32nd IEEE Conference on Signal Processing and Communications Applications, SIU 2024, Mersin, Türkiye, 15 - 18 Mayıs 2024 identifier

  • Yayın Türü: Bildiri / Tam Metin Bildiri
  • Doi Numarası: 10.1109/siu61531.2024.10600738
  • Basıldığı Şehir: Mersin
  • Basıldığı Ülke: Türkiye
  • Anahtar Kelimeler: image captioning, image understanding, text decoders, Turkish image captioning, vision transformers
  • Yıldız Teknik Üniversitesi Adresli: Evet

Özet

Image captioning is defined as the process of describing of images by computer systems automatically. Thus, visual information regarding the content of the images is expressed in textual form. This paper presents a deep learning-based Turkish image captioning study implemented by using vision transformers and text decoders. In the proposed study, images are initially encoded with a vision transformer-based module. Afterwards, the features of the encoded image are normalized by passing them through a feature projection module. In the final stage, image captions are generated via a text decoder block.
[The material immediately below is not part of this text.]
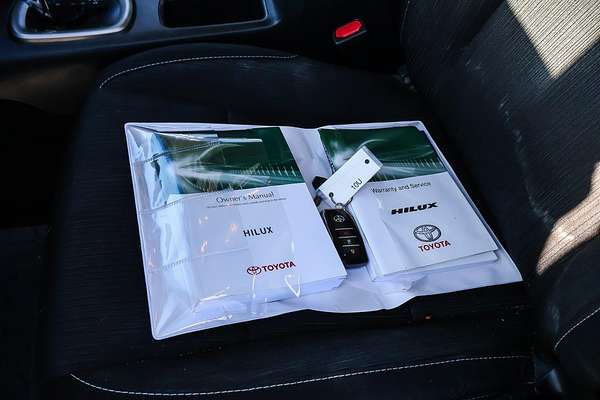 2015 Toyota Hilux SR5 GUN126R 4X4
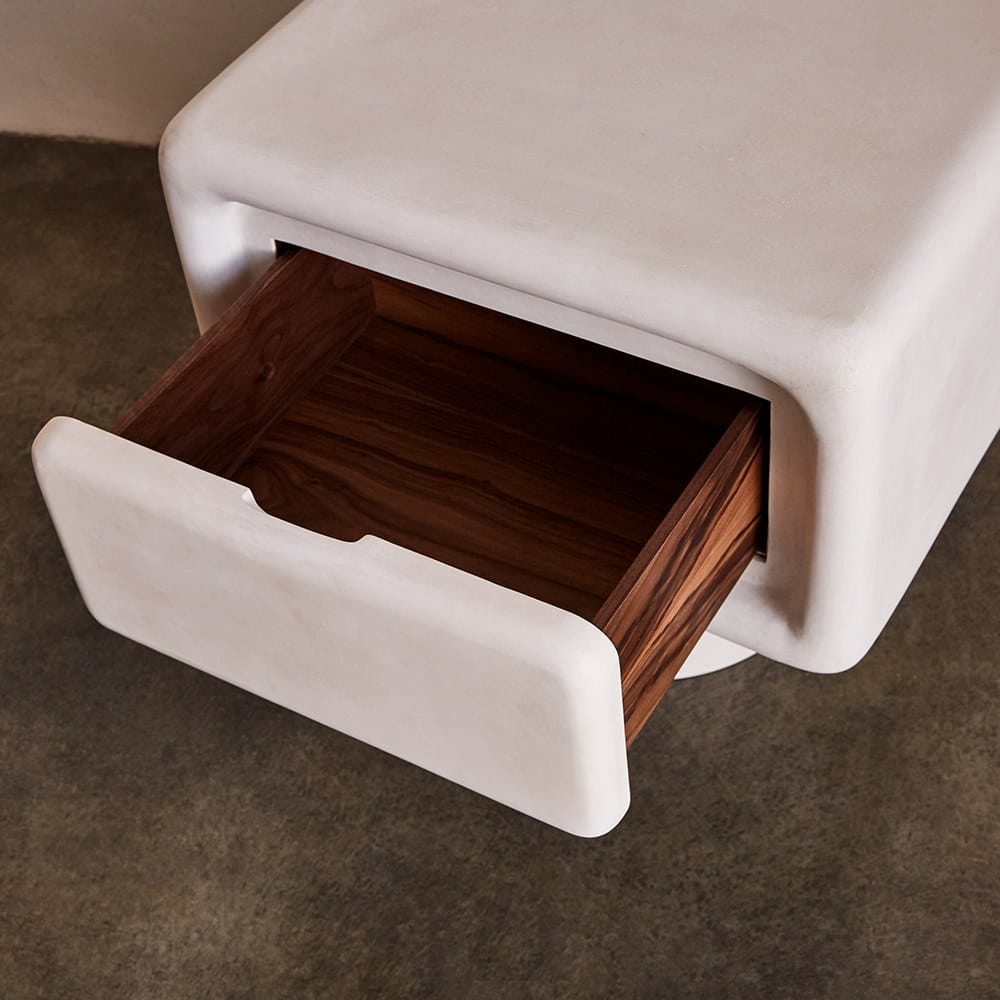 Прикроватная тумбочка из смолы Kelly Wearstler Colina ARCH-00135100 - Вид №5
To test the performance of the Turkish image captioning system presented in this paper, TasvirEt, a benchmark dataset consisting of Turkish image captions, was used. In the tests performed, quite successful results were observed and a BLEU-1 value of 0.3406, a BLEU-2 value of 0.2110, a BLEU-3 value of 0.1253, a BLEU-4 value of 0.0690, a METEOR value of 0.1610, a ROUGE-L value of 0.3145 and a CIDEr value of 0.3879 were measured.